= Art student scam =

Confidence trick

The art student scam is a confidence trick in which cheap, mass-produced paintings or prints are misrepresented as original works of art, often by young people pretending to be art students trying to raise money for art supplies or tuition fees. The sellers mostly represented themselves as French art students, but the scam has recently been copied internationally, with instances of Israeli, Chinese, Chilean, Nigerian and other nationalities posing as art students or dealers in Australia, Canada, China, Ireland, New Zealand and the United States since around 2000. The art is often sold in exhibition sites or art galleries. Many scammers operate alongside and at the long-run expense of genuine art students who show their yearly work in festivals during the summer vacation.

==Mass-produced paintings==
Most mass-produced prints and paintings originate in Asia. These are essentially posters, sometimes referred to as "Hong Kong horrors," printed on rough paper, making the absence of brush strokes less apparent. There is a confusion between "mass-produced paintings" which are actually prints. These are being sold over the internet described as real oil paintings, taking advantage of the difficulty of spotting the scam behind the screen. Sometimes, a few brush strokes are added to the prints to give them a more authentic oil-painting look.

==Australia and New Zealand==
People posing as art students were reported in Australia and New Zealand from as early as 2003. The paintings, worth around A$5, were passed off as being worth hundreds of dollars. Three backpackers—an Israeli and two Chileans—were taken to court in Dunedin for the scam in 2003 but were discharged as the judge said that they were "minnows" in the organisation.
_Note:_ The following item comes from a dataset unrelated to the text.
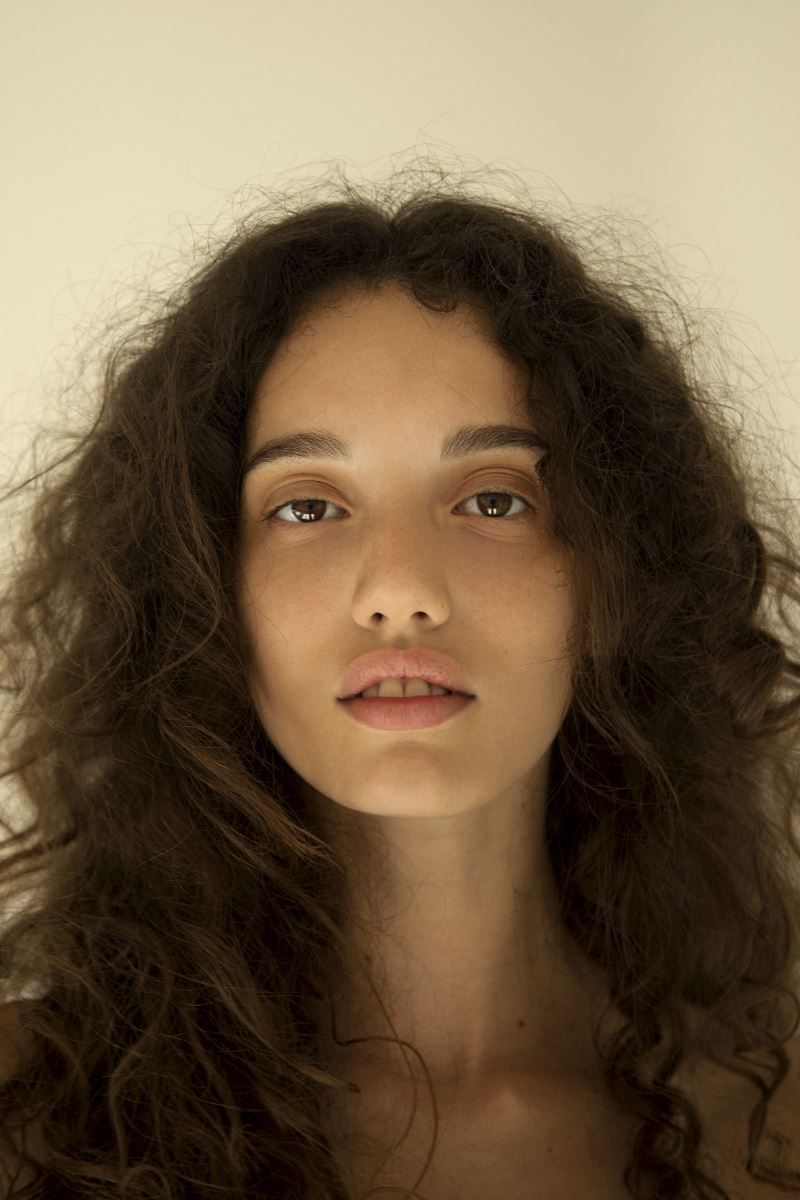 Gloria Andreozzi - Rebel 5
They reportedly made NZ$15,000 in three weeks from the scam. The Consumers' Institute of New Zealand suspected that an Auckland man was the organiser of the operation. A 23-year-old man was arrested in New South Wales, Australia, for operating the scam and 50 oil paintings were found in his car. An adviser for the New Zealand Consumer Affairs Ministry said: "All around the world, students from various countries are doing this." She suggested that the scam's organiser may place advertisements in backpackers' lodges to recruit students. The scammers have also claimed to be Greek, Argentinian, and French.

==Canada==
In 2004, a group of Russians said to have been selling mass-produced paintings as their own work, for hundreds of dollars each, were deported from Canada for working in violation of their visas. The scam recurred in 2009 in Calgary and in Warman, Saskatchewan. Eight people claiming to be students from Israel, Russia, Germany, and France were arrested, and 100 paintings were seized by the Royal Canadian Mounted Police and Border Services.

==China==
In China, scammers approach tourists at popular attractions such as the Forbidden City and Tiananmen Square. The scammer speaks English well enough to get into a conversation with the foreigner and then claims to be an art student whose works are on display at a nearby exhibition, which is part of the scam and sells mass-produced art reproductions at exorbitant prices. There are warnings about this scam in tourist guides.

==United States==
From the summer of 2000, news outlets in the Pacific Northwest reported that young people were posing as art students selling mass-produced oil paintings, both copies and originals, for US$780–$2,000 each. The so-called art students were said to be selling in exhibitions and galleries, primarily targeting local businesses. They claimed to be Israeli citizens studying at art schools in Europe and to be in the United States selling works by talented fellow artists to raise money for art supplies or school fees.

Through the early 2000s, some 13 separate incidents of "art student" encounters were reported across the United States.